A Paige Turner Mystery #5, 2008

For the readers who’ve stuck with me from the first Paige to the last

Acknowledgments

I am infinitely grateful for the support (and tolerance) of my family and friends-especially Harry Matetsky [1], Molly Murrah, Liza, Tim, Tara, and Kate Clancy, Ira Matetsky, Matthew Greitzer, Rae and Joel Frank, Sylvia Cohen, Mary Lou and Dick Clancy, Susan Frank, Ann Waldron, Nelson DeMille, Dianne Francis, Art Scott, Betsy Thornton, Santa and Tom De Haven, Nikki and Bert Miller, Herta Puleo, Esther and Harold Schoenhorn, Marte Cameron, Sandra Thompson and Chris Sherman, Cameron Joy, Donna and Michael Steinhorn, Stephanie and Burt Klein, Lois and Eric Rosenthal, Mark Voger, Gayle Rawlings and Debbie Marshall, Judy Capriglione, Martha Cevasco, Judy Dini, Betty Fitzsimmons, Nancy Francese, Jane Gudapati, Carleen Kierce, April Margolin, Doris Schweitzer, Carol Smith, Roberta Waugh, and her right-hand man, St. Joe.

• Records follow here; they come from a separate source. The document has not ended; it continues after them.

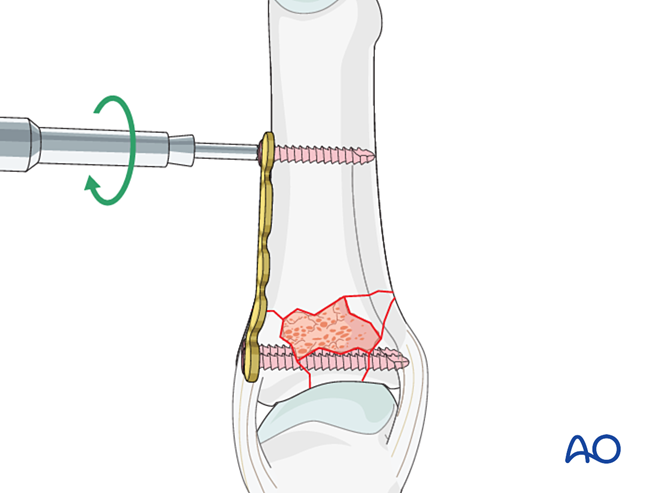 Plating with a lateral plate for Complete articular fracture of the ...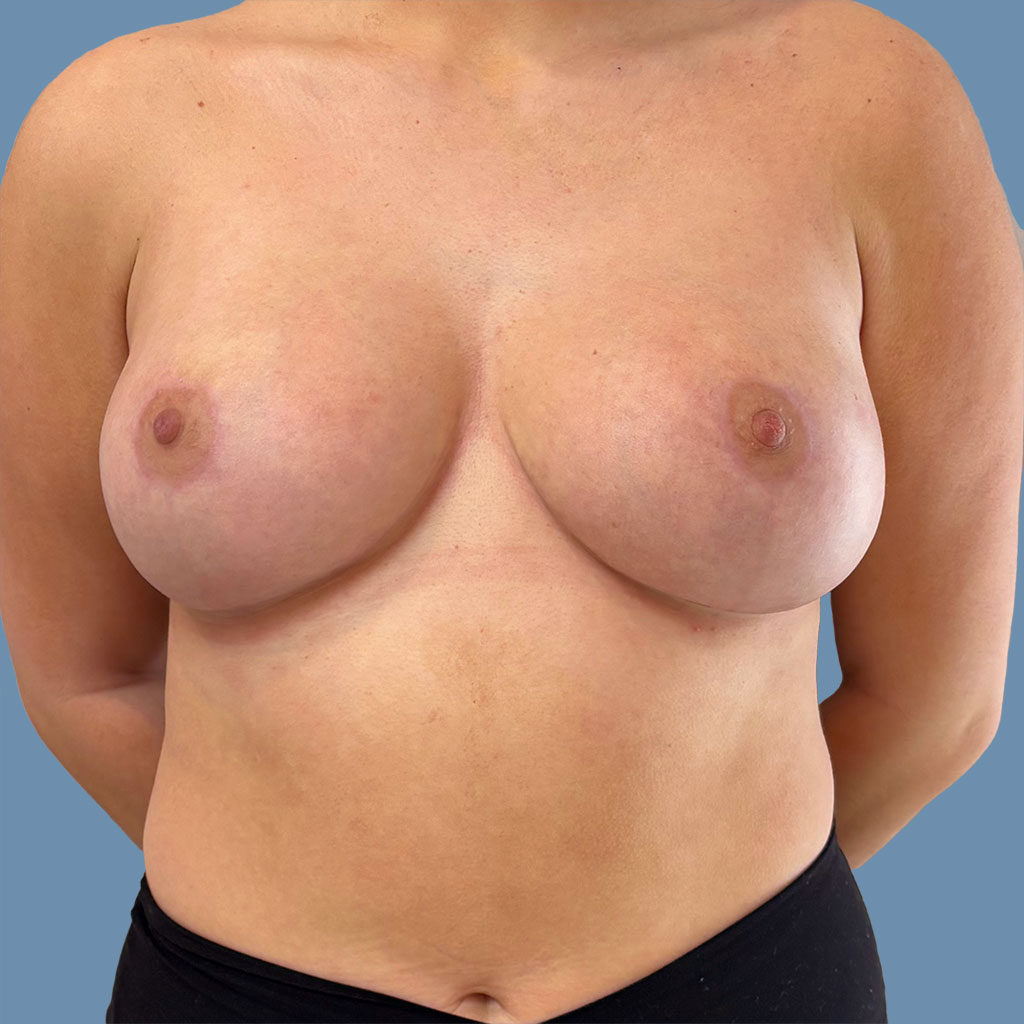Breast Reduction before and after - after
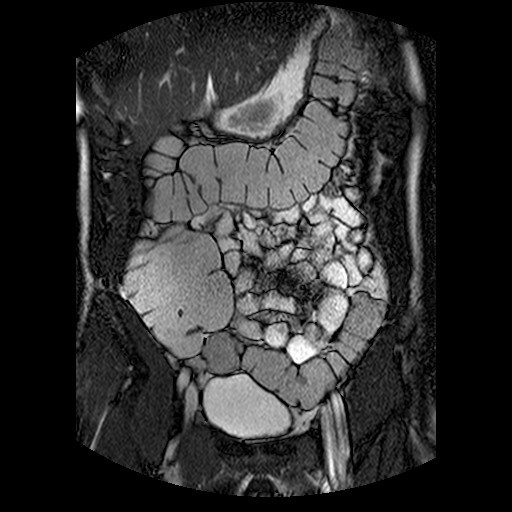 Muligheter Abdomen Fremstilling av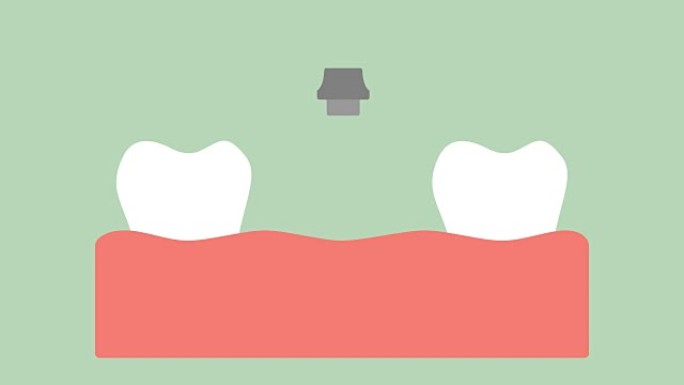 牙种植体、安装过程和牙齿的变化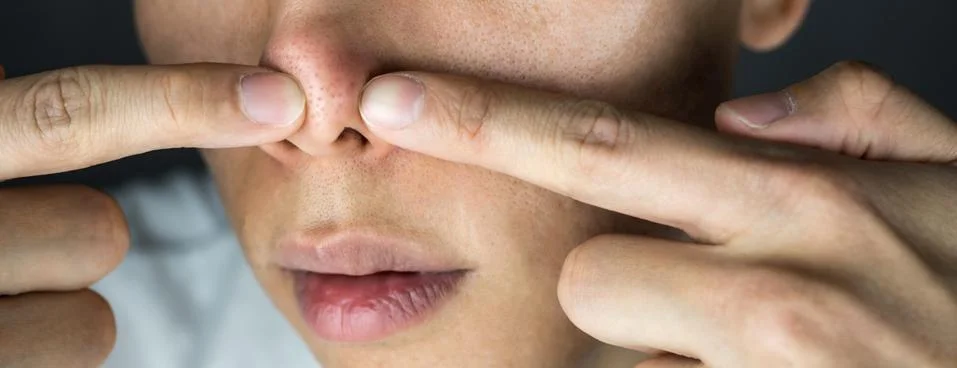 Squeezing acne on nose close up Stock Photos
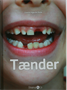 Tænder
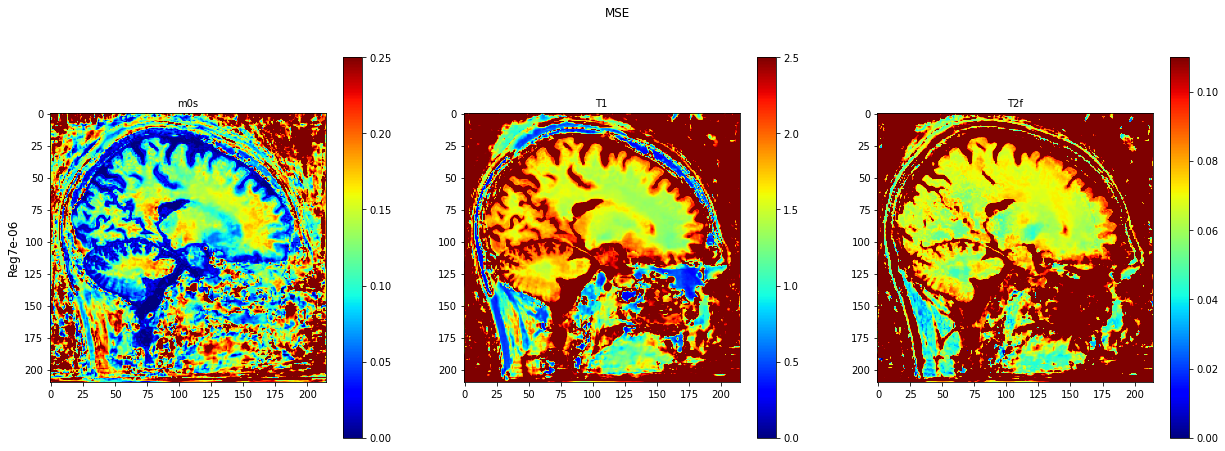 ../../../../_images/tutorials_notebooks_test_data_plot_TMI_paper_plot_testing_invivo_11_1.png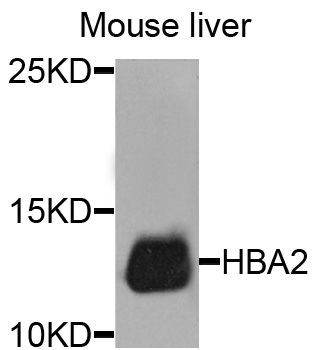 Western blot - HBA2 antibody (144-08427)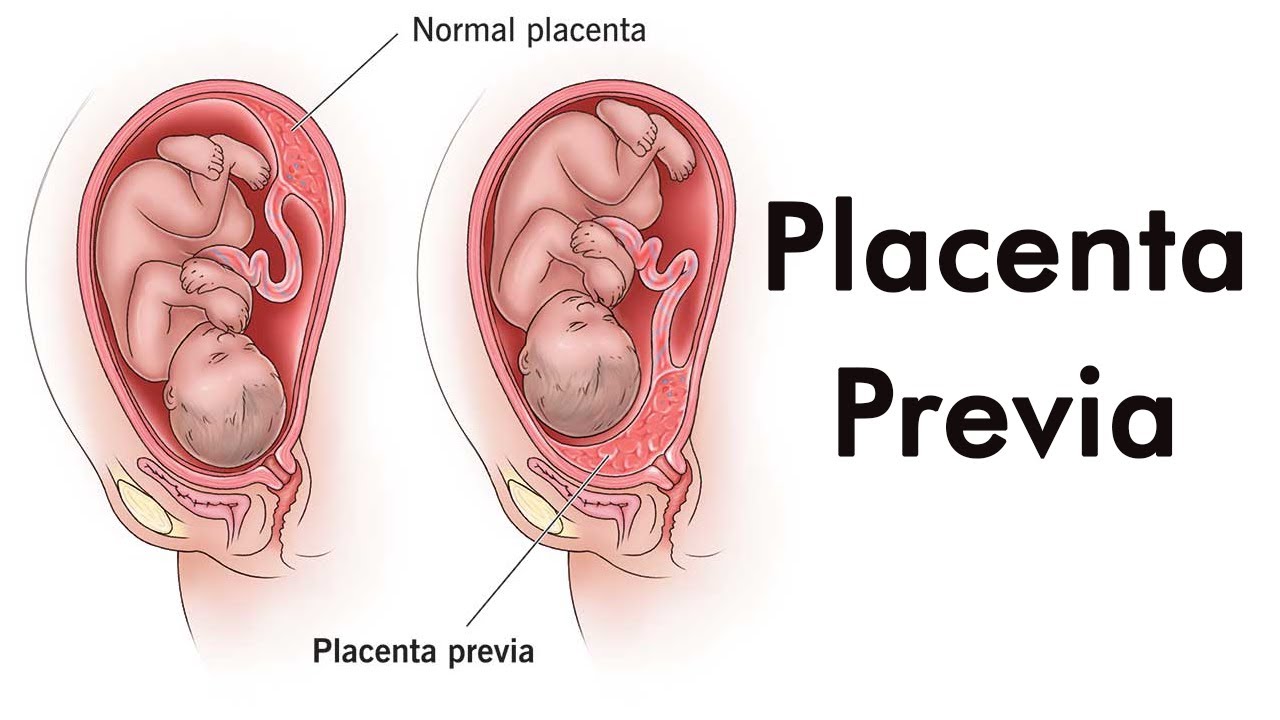 All about Placenta Previa (Urdu/Hindi)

The Lovely/Lively Literacy Ladies-Julia Berkowitz, Anne DuPrey, Carole Edwards, Demetria Muldaur, and Marilyn Tinter-are the most literate (and amusing) friends a writer could ask for. And my co-agents, Annelise Robey and Meg Ruley of the Jane Rotrosen Agency, and my new editor at Berkley, Kate Seaver, are the skillful, cheerful (and patient!) ones who make it all happen. Many thanks to one and all.

Prologue

LIFE IS JUST A DREAM, THEY SAY, BUT LATELY mine has been more like a nightmare. Shocking, sweaty, and horrifying-filled with visions and demons so ugly and evil they’d cause even the bravest soul to wake up screaming. You may think I’m exaggerating, but let me assure you I’m not. I’ve experienced things in the past few days no woman should ever have to endure… or even know about.

But don’t worry-I’m going to tell you about it anyway.

That is, after all, what I do. For a living, I mean. I tell stories. True stories. And unfortunately for me (and most of the other pitiful, or in some cases abominable, characters you’ll soon meet if you keep on reading), the tale I’m about to tell is as factual as it is frightful.

But first, a few facts about me…

(Sorry, but I have to give you some background information, you know! I need to explain a few things about my peculiar life-and some of the peculiar people who populate my peculiar life-so that you can understand how I got caught up in the aforementioned nightmare, and why I’m compelled to tell you all about it now. Please bear with me. The following introductory details will lay the groundwork for the disturbing story to come, and help you separate the good guys from the bad guys… well, sort of, anyway.)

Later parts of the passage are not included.